§ SUPPLIED DATA
■ ■ ■

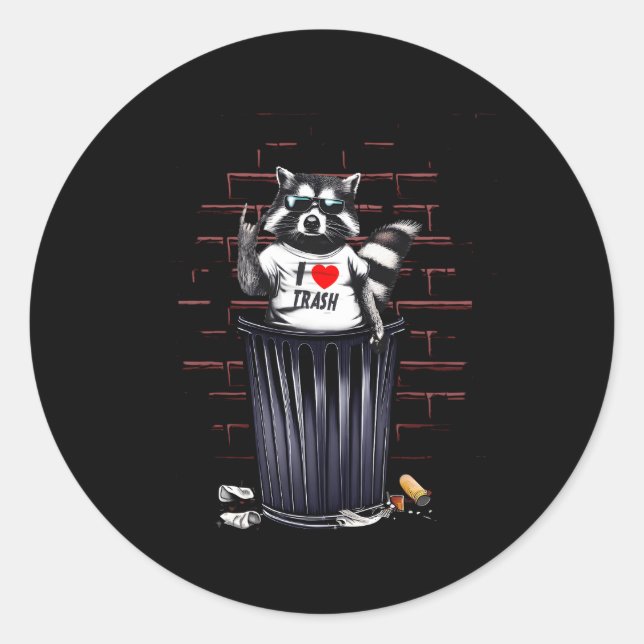 I Love Trash Raccoon Trash Panda Classic Round Sticker (Front)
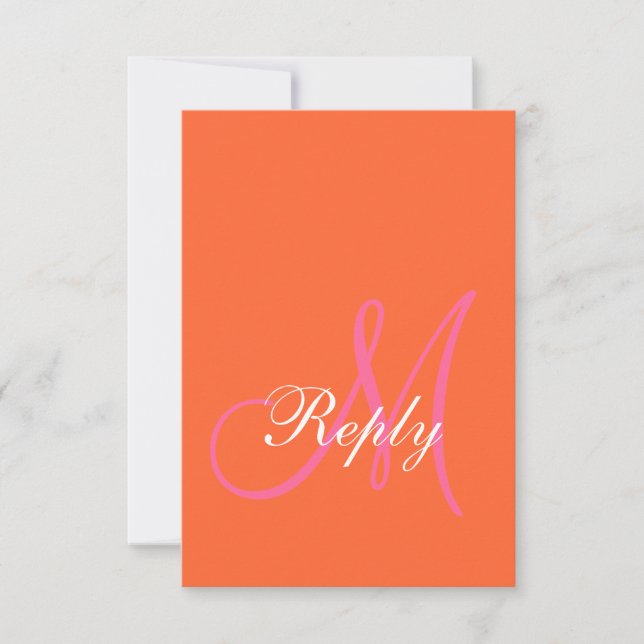 Orange Rosa Monogram-Bröllop OSA Kort (Framsida)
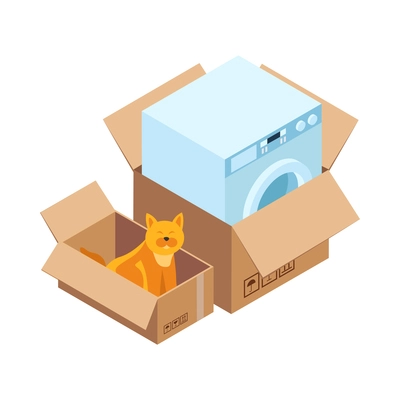 Relocation isometric icon with washing machine and cat sitting in cardboard box 3d vector illustration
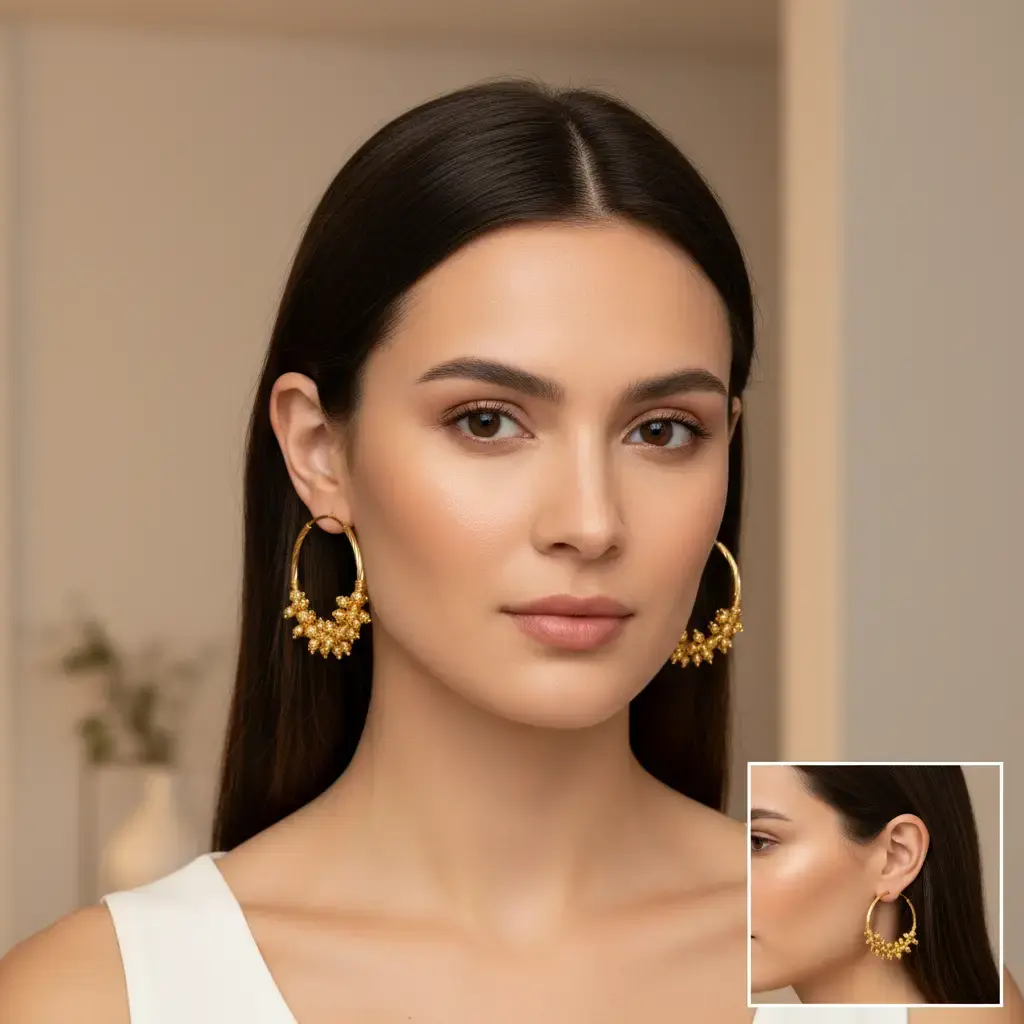 Women's Gold Plated Hoop Earrings - Indian Bali Style Layered Bead Earrings with Bead Work, Gold Accent Jewelry, Perfect for Daily & Special Occasions, Bead Work Earrings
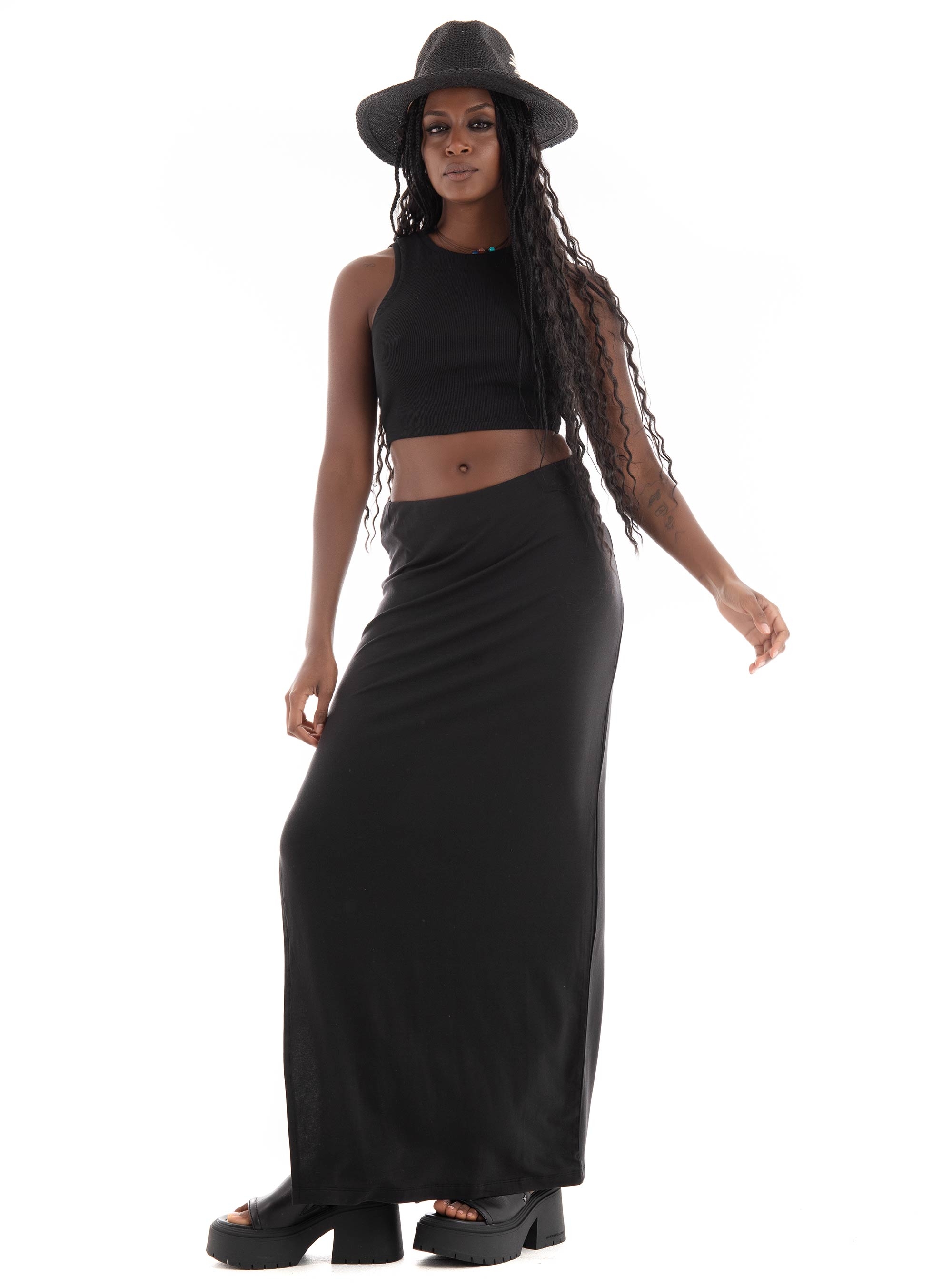Only Vilma Cropped Tank Top - Black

■ ■ ■

§ WHAT THE TASK REQUIRES
Only an exact copy is needed: the lines from the opening of the listing through the line with "Relocation isometric icon", both included, minus the pictures.

§ TASK OUTPUT
 I Love Trash Raccoon Trash Panda Classic Round Sticker (Front)
 Orange Rosa Monogram-Bröllop OSA Kort (Framsida)
 Relocation isometric icon with washing machine and cat sitting in cardboard box 3d vector illustration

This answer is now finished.